1

I want to use the re package in Python to search for some text in a big data set. Maybe I got something wrong, but if I'm using

(\w+,\s?)+ 

I would get a match for something like:

This, is, a, test,

Why isn't this the case in Python?

The following example works only with [] instead of ()

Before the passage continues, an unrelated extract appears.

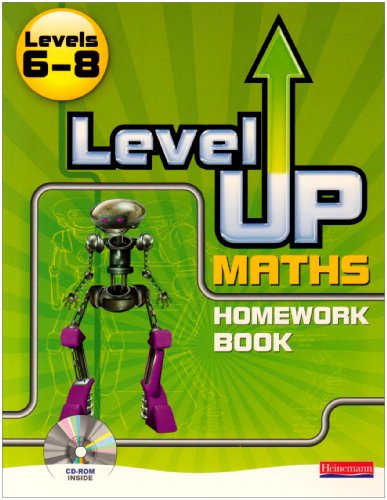 Beispielbild fr Level Up Maths: Homework Book (Level 6-8) zum Verkauf von WorldofBooks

str = 'St. aureus°, unimportant_stuff, Strep. haemol.°'

will_fail = re.compile(r'(\w+\.?\s?)+°')
success = re.compile(r'[\w+\.?\s?]+°')

print(will_fail.findall(str))
print(success.findall(str))

This will result in the output:

['aureus', 'haemol.']             // THIS IS FAIL
['St. aureus°', 'Strep haemol.°'] // THIS IS OK

What am I doing wrong here?

petezurich
  • 9,280
  • 9
  • 43
  • 57
Hannsen
  • 19
  • 2
  • 1
    Use a non-capturing group `(?: )` instead of a capturing group `( )`. – Aran-Fey Apr 05 '19 at 19:01
  • Thank you very much! Is there a special reason why Python is doing this? Is it possible to disable the capturing groups? – Hannsen Apr 05 '19 at 19:06
  • 3
    Also, I hope you realize that `[...]` is completely different from `(...)`. Those two regexes match entirely different things. – Aran-Fey Apr 05 '19 at 19:06
  • 1
    It's a special "feature" of `re.findall`. There's no way to turn it off. There's an alternative to `findall` though: [`re.finditer`](https://docs.python.org/3/library/re.html#re.finditer), which returns an iterator that yields match objects. – Aran-Fey Apr 05 '19 at 19:07
  • Who +1ed this? @Hannsen to explain, what you have in `will fail` is that you're telling regex to specifically capture the group by staging it inside `( )`. If `( )` is absent, your regex itself will capture everything your pattern says by default. Additionally by staging your `success` pattern within `[ ]` you are telling regex to capture anything in any order that matches `\w` OR `\.` OR `\s` OR `?` so because those occur in a group they all get captured. – FailSafe Apr 05 '19 at 19:10
  • Yes I realized that this are two different things, but only the `[...]` worked for me in this short sample, so I was really confused if I tested this with just the lines above. – Hannsen Apr 05 '19 at 19:11
  • @Hannsen Maybe you should read the documentation of [`findAll`](https://docs.python.org/3/library/re.html#re.findall) " If one or more groups are present in the pattern, return a list of groups;". The bracket `()` defines a [capturing group](https://www.regular-expressions.info/brackets.html) in the pattern. Square bracket `[]` has another meaning. This is already explained [here](https://stackoverflow.com/a/31915134/6238076). – gdlmx Apr 05 '19 at 19:15

0 Answers0